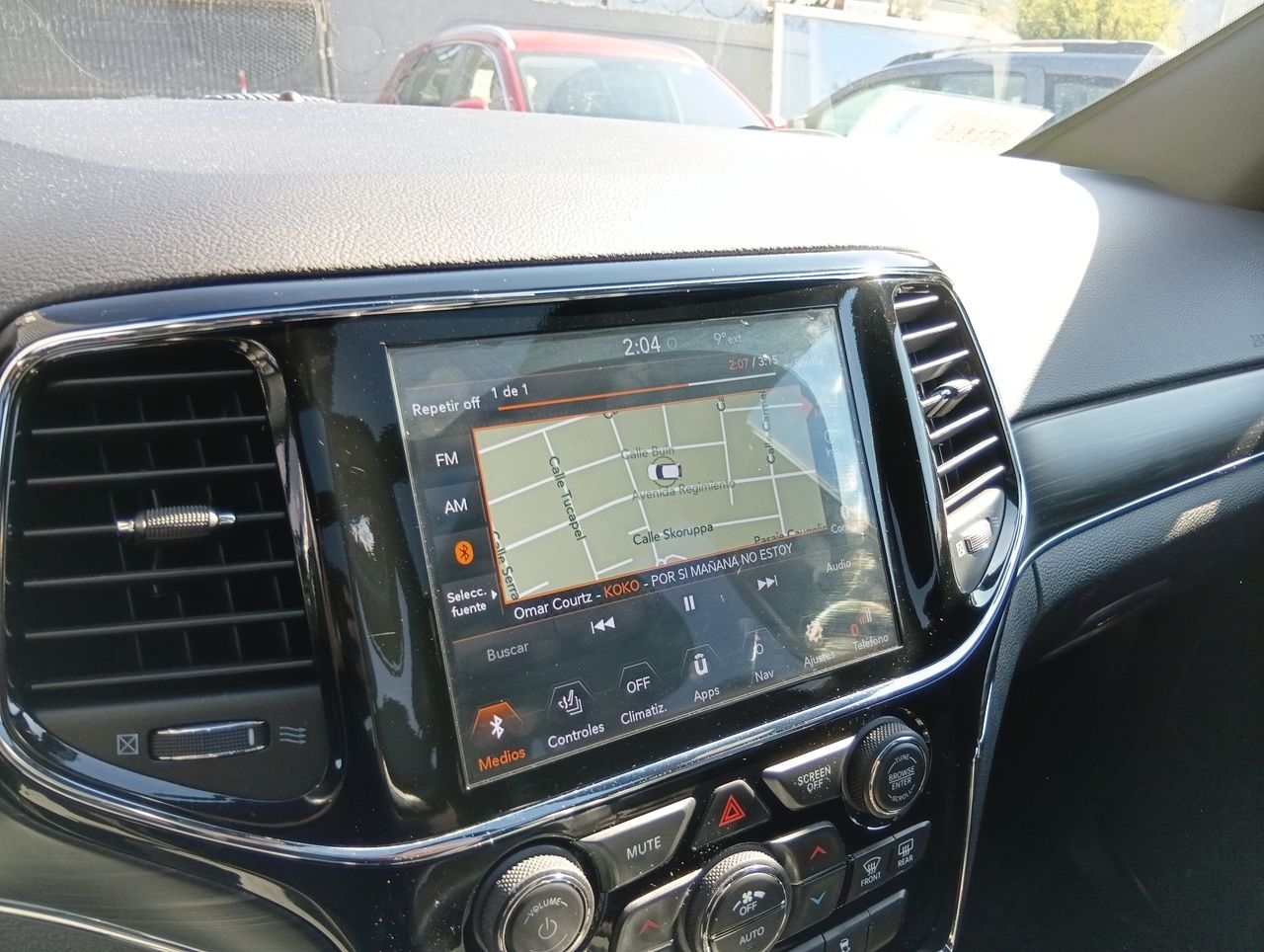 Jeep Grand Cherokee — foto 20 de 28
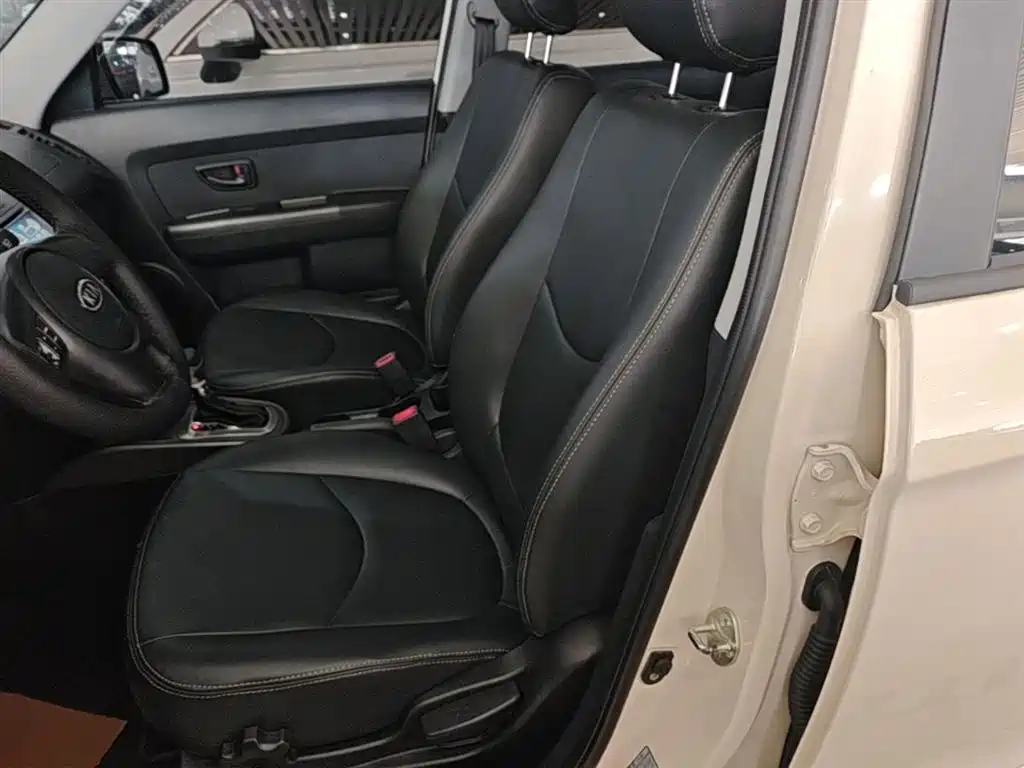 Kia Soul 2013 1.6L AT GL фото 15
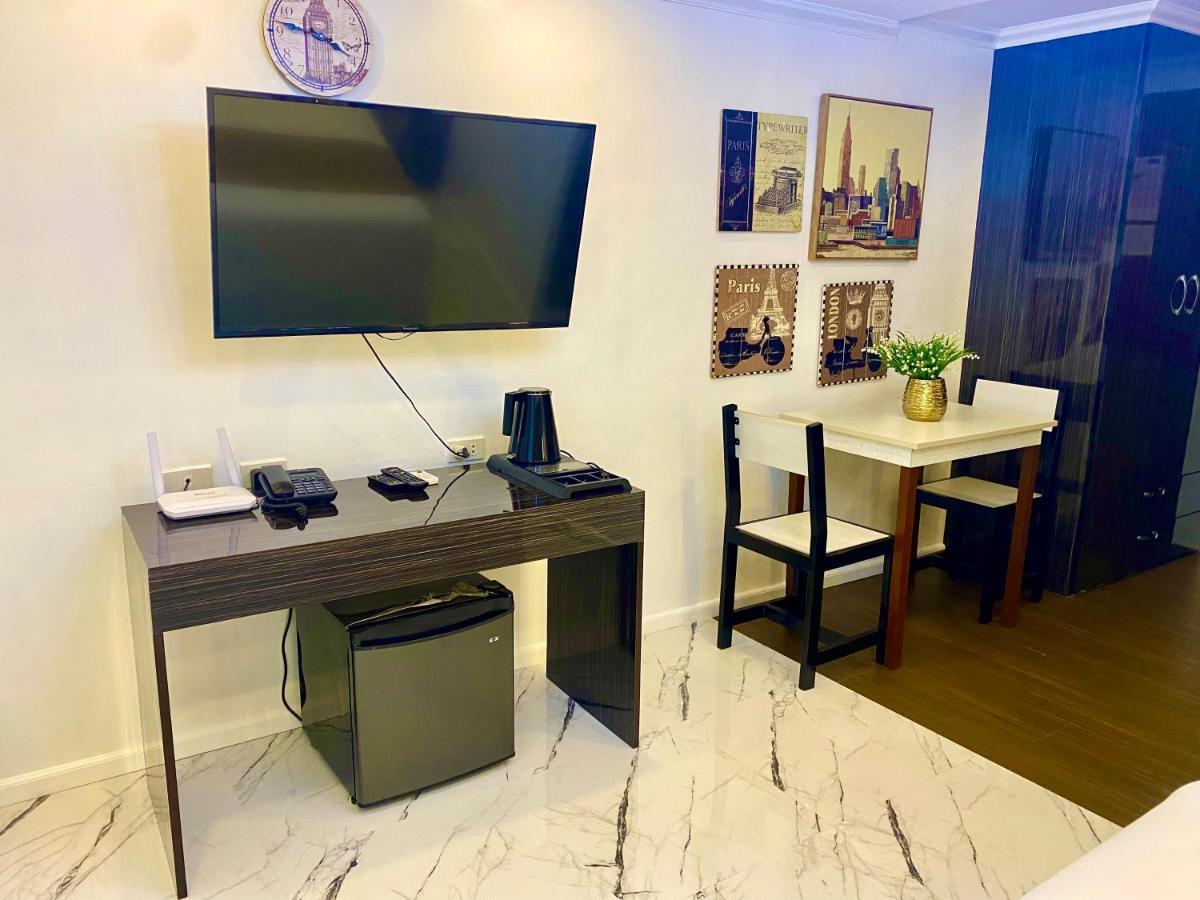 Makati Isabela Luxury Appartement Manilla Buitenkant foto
...
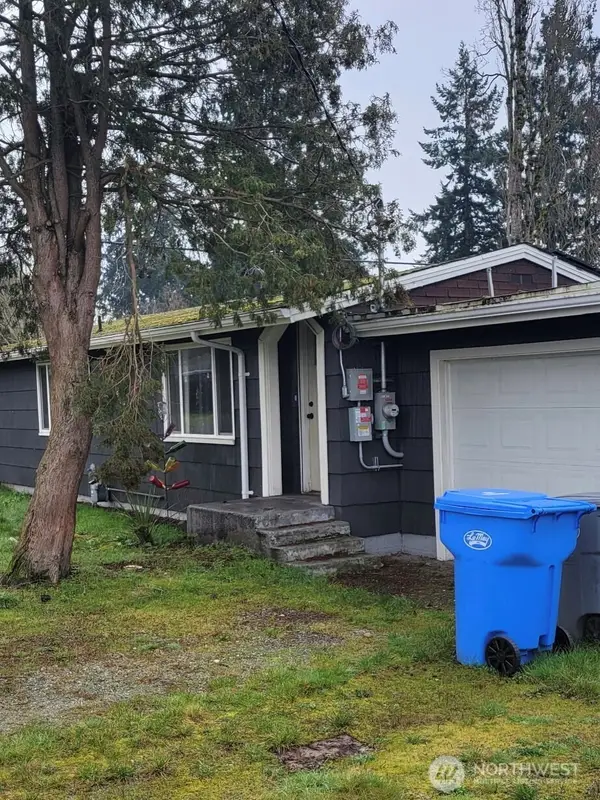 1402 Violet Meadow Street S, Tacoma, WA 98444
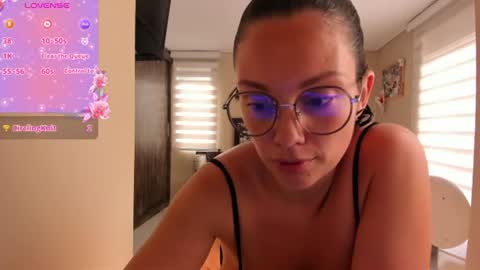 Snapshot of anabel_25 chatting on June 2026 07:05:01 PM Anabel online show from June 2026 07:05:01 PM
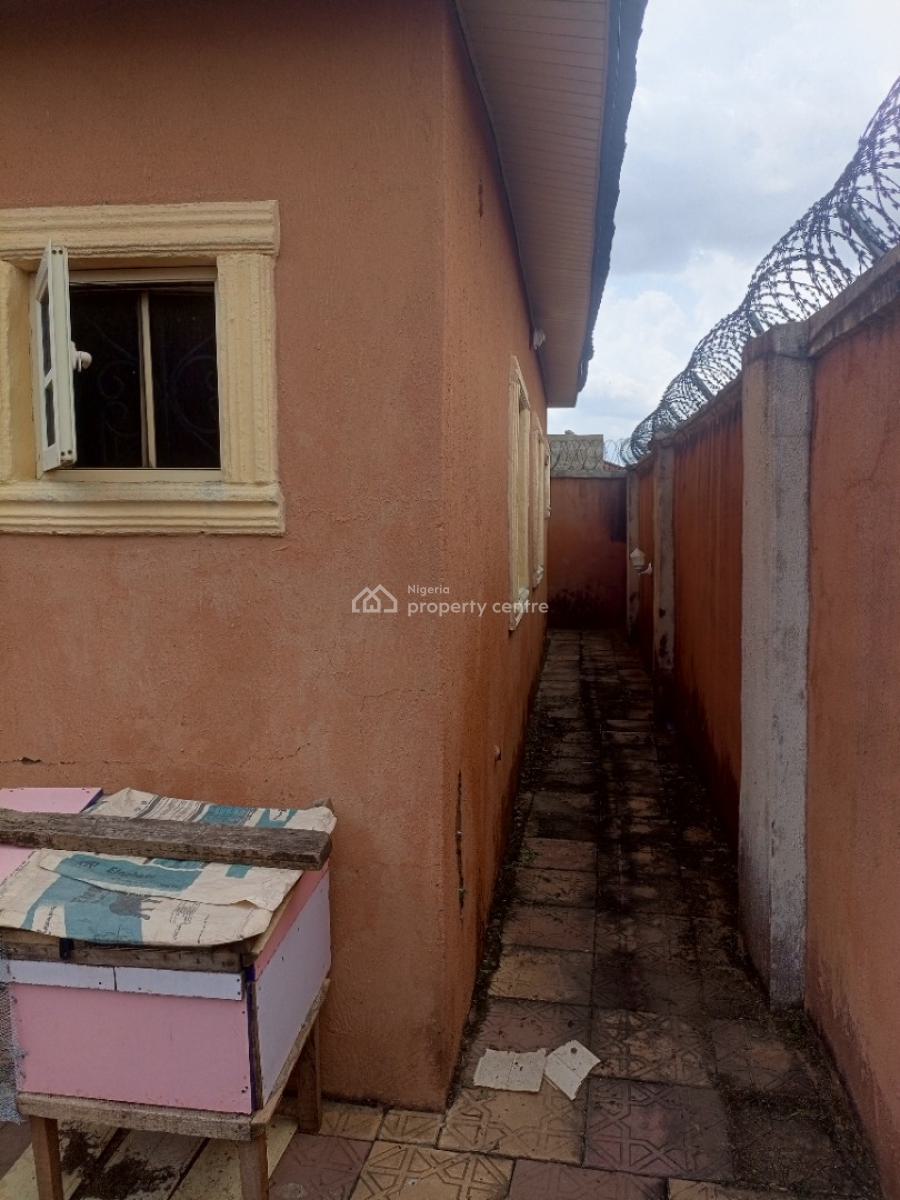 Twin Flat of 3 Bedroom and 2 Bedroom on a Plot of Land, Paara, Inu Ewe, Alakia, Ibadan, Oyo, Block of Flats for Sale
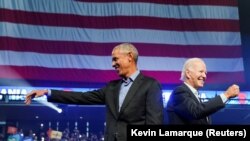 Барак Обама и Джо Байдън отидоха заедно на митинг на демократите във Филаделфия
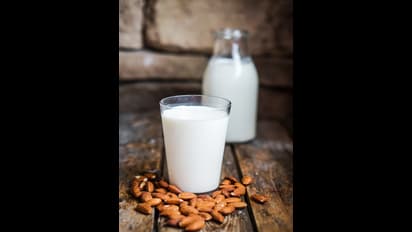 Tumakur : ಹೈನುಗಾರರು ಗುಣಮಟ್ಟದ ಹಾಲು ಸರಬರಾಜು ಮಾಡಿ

### Exercise brief
For this exercise, return exactly the lines above from the line with "Jeep Grand Cherokee — foto 20 de 28" through the line with "Makati Isabela Luxury", both included. Do not copy the pictures.

### Solution
 Jeep Grand Cherokee — foto 20 de 28
 Kia Soul 2013 1.6L AT GL фото 15
 Makati Isabela Luxury Appartement Manilla Buitenkant foto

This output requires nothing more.